Caption-style text data
══════════

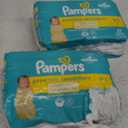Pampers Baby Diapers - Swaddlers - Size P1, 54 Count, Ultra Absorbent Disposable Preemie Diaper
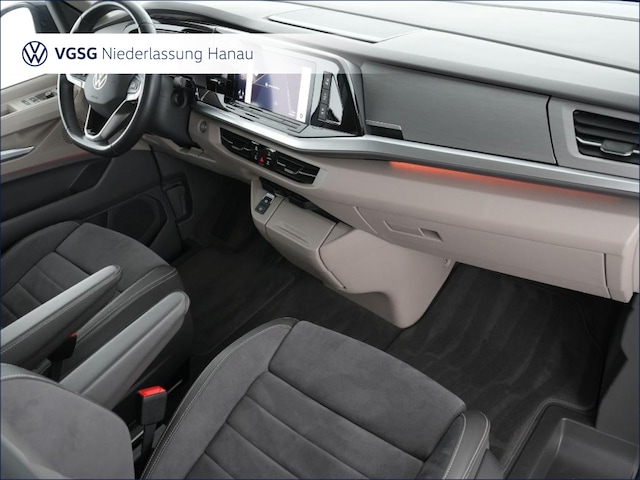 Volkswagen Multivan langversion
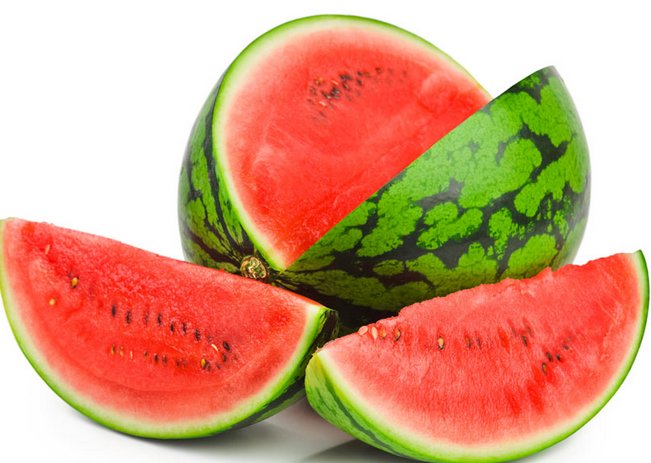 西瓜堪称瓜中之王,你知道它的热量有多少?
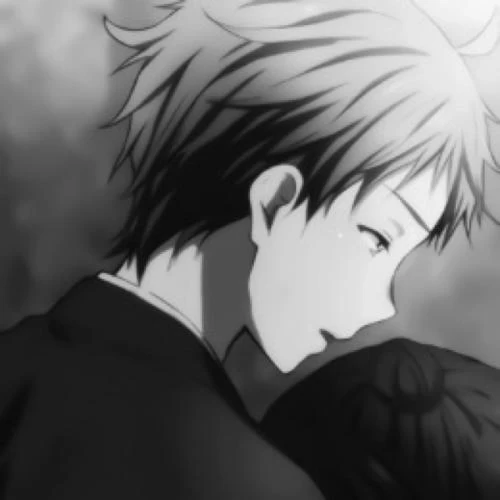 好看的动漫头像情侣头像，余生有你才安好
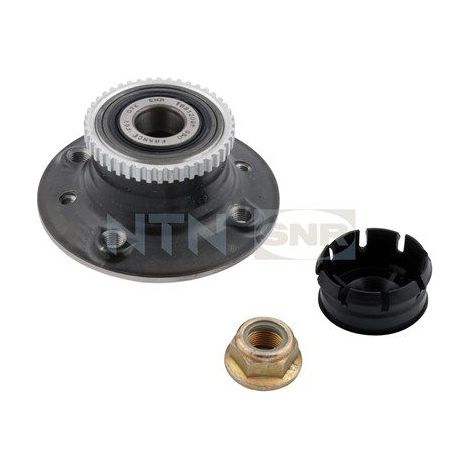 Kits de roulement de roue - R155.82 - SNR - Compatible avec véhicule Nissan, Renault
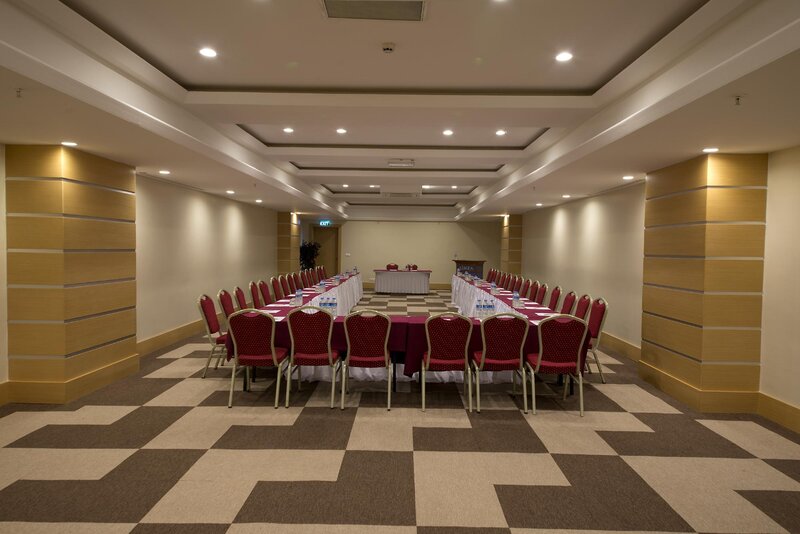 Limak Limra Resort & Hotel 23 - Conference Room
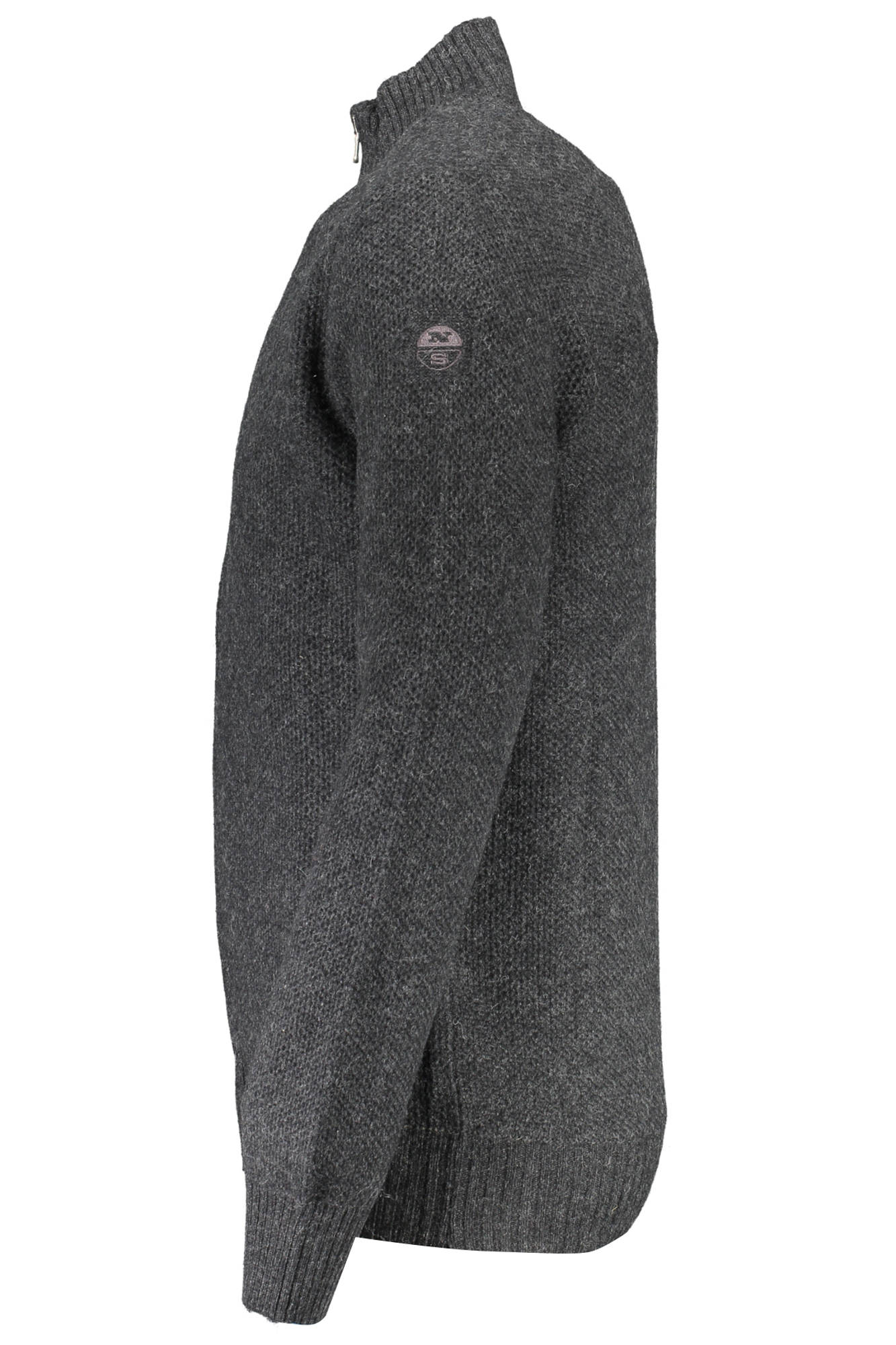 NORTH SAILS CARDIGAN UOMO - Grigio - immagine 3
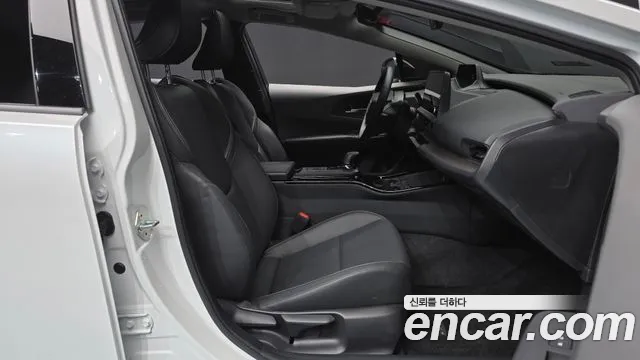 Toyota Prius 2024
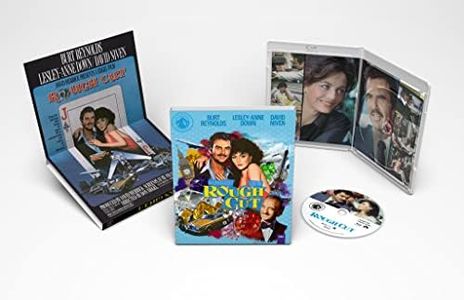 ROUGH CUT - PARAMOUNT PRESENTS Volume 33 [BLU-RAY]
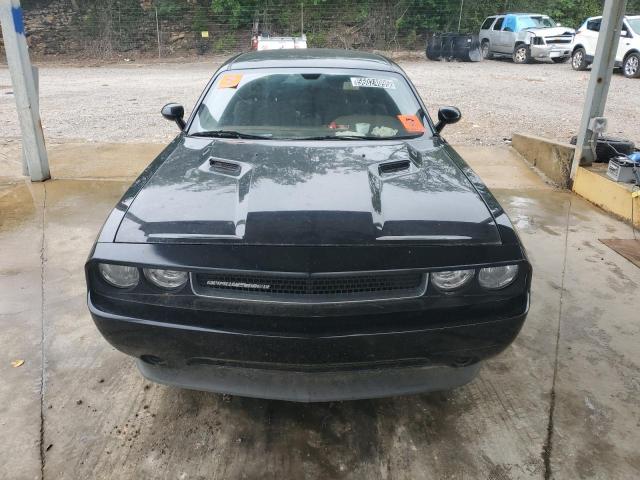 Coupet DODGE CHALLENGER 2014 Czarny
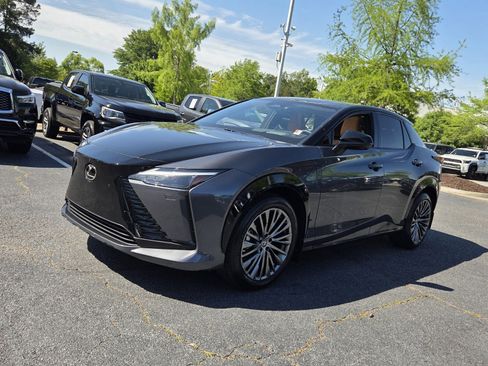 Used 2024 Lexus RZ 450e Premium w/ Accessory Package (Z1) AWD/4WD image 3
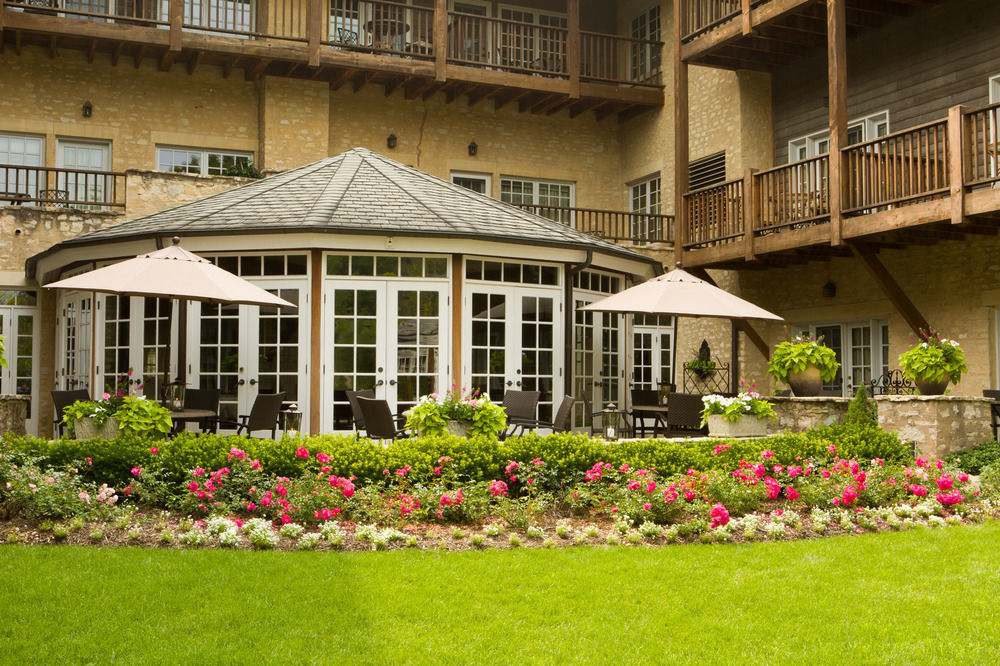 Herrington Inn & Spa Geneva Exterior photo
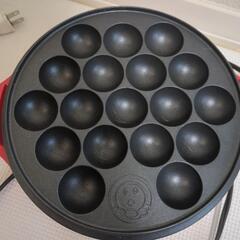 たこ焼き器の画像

══════════

Reproduce exactly the lines above from the one with "Toyota Prius 2024" through the last line of the data, keeping both ends and dropping the pictures.

◆ **Solution to the exercise**:
 Toyota Prius 2024
 ROUGH CUT - PARAMOUNT PRESENTS Volume 33 [BLU-RAY]
 Coupet DODGE CHALLENGER 2014 Czarny
 Used 2024 Lexus RZ 450e Premium w/ Accessory Package (Z1) AWD/4WD image 3
 Herrington Inn & Spa Geneva Exterior photo
 たこ焼き器の画像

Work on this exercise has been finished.